● INPUT DATA:

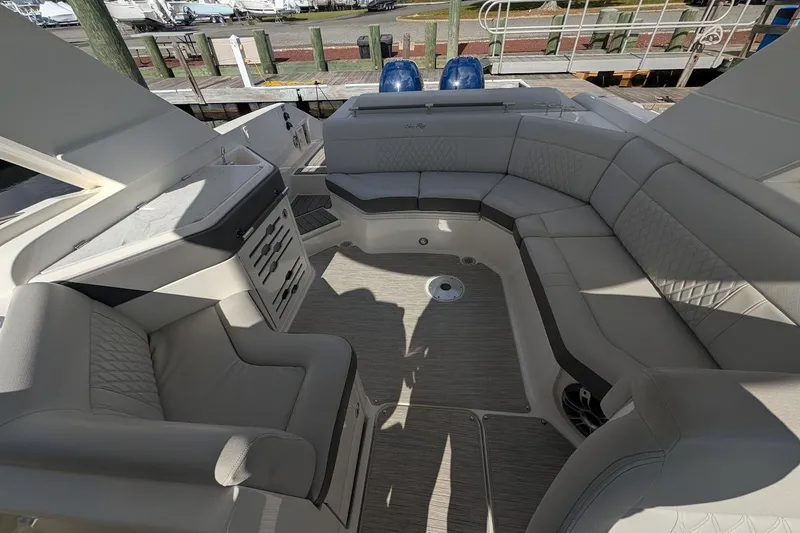 Slide: The Image of 2023 Sea Ray 310 SLX boat deck with fresh water access and power outlets. - 7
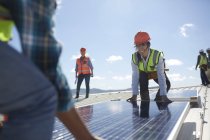 Ingenieros levantando panel solar en planta de energía soleada - foto de stock
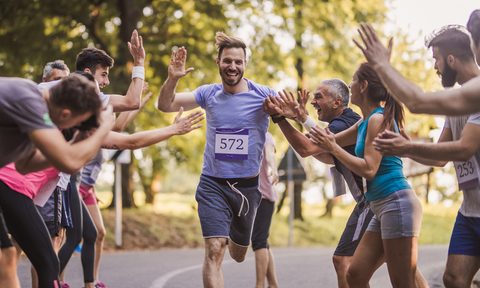Young happy man greeting with group of supporters at finish line after marathon race.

● DIRECTIONS: Return the material exactly as given above, picture-free.

● RESPONSE TO THE EXERCISE:
 Slide: The Image of 2023 Sea Ray 310 SLX boat deck with fresh water access and power outlets. - 7
 Ingenieros levantando panel solar en planta de energía soleada - foto de stock
Young happy man greeting with group of supporters at finish line after marathon race.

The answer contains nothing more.